一般的に金属業界というと金属の素材・材料の生産業界のことをいいます。
大きくは鉄鋼(鋼板・鋼材など)業界と非鉄金属(銅・アルミ・ニッケルなど)業界に分けられます。
さらに鉄鋼業界は、鉄鉱石から粗鋼を生産する高炉メーカーと、鉄くずを溶かした鉄製品の生産や、ニッケルやクロムなどを混ぜ鉄合金(ステンレスなど)を生産する電炉メーカーに分けて考えることが多いようです。
いずれも工業界のみならず産業を越え、石油などのエネルギー資源と並び近代国家の土台を支える重要な業界です。

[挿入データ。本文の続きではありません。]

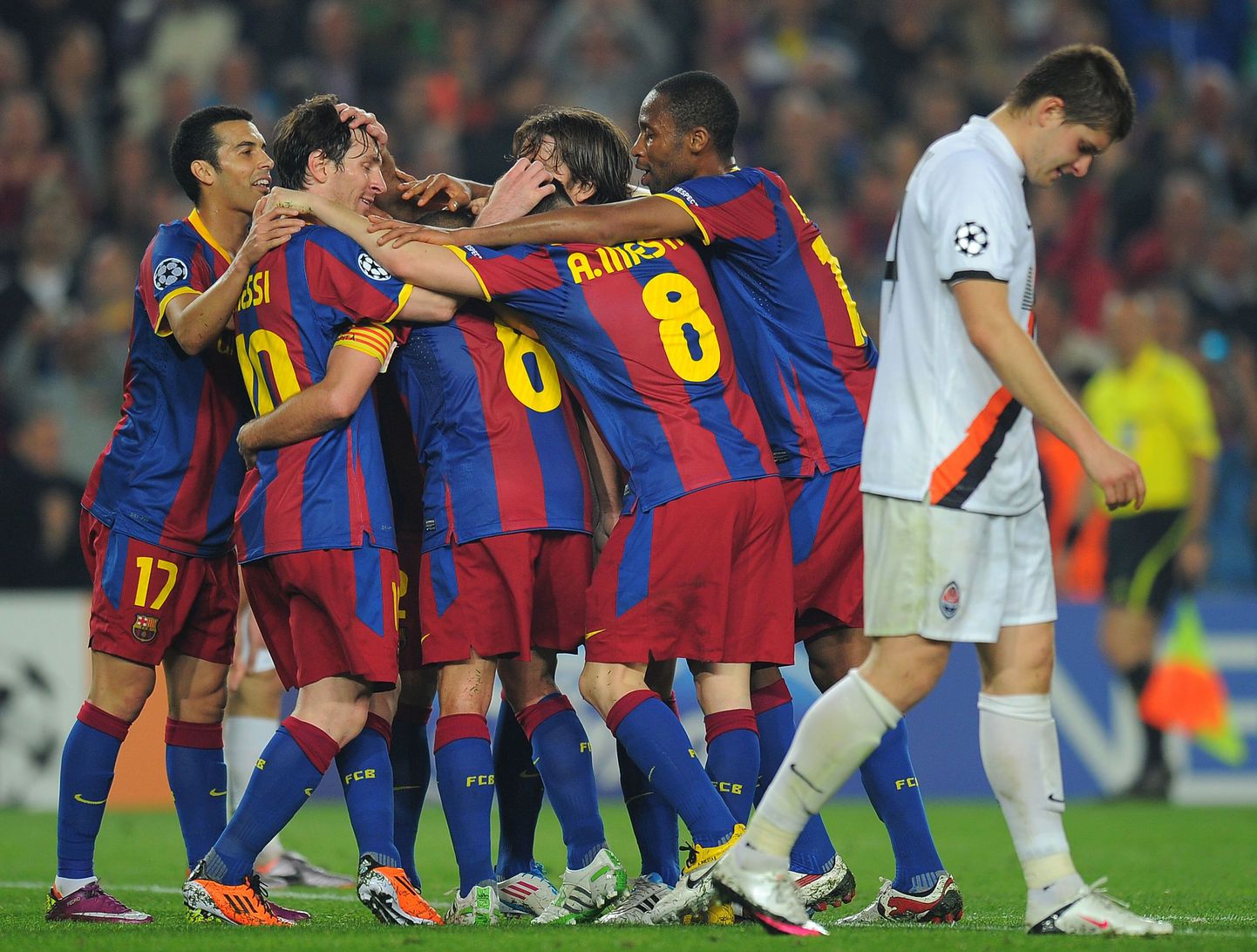 Футболисты "Барселоны" радуются очередному голу.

よって、ここでの品質の影響は後工程とも呼べる他の産業に大きく影響されるため、品質管理は大変重要なものになります。
生産メーカーでは、材料名やグレードに対する品質の基準やバラツキの程度を厳しく工程管理し、JIS(日本工業規格)で定めた基準に適合しているかどうかの品質管理も、万全の体制で実施されています。
メーカー数も他の業種に比べると圧倒的に少なく、また大がかりな設備と広大な敷地が必要なことから巨大資本のメーカーが多いようです。
ISO9001との関わりとは?
これらの素材・材料メーカーでの品質管理は、一般的に正確で精度も高く、信頼性の高い分析・監視・測定が実施されています。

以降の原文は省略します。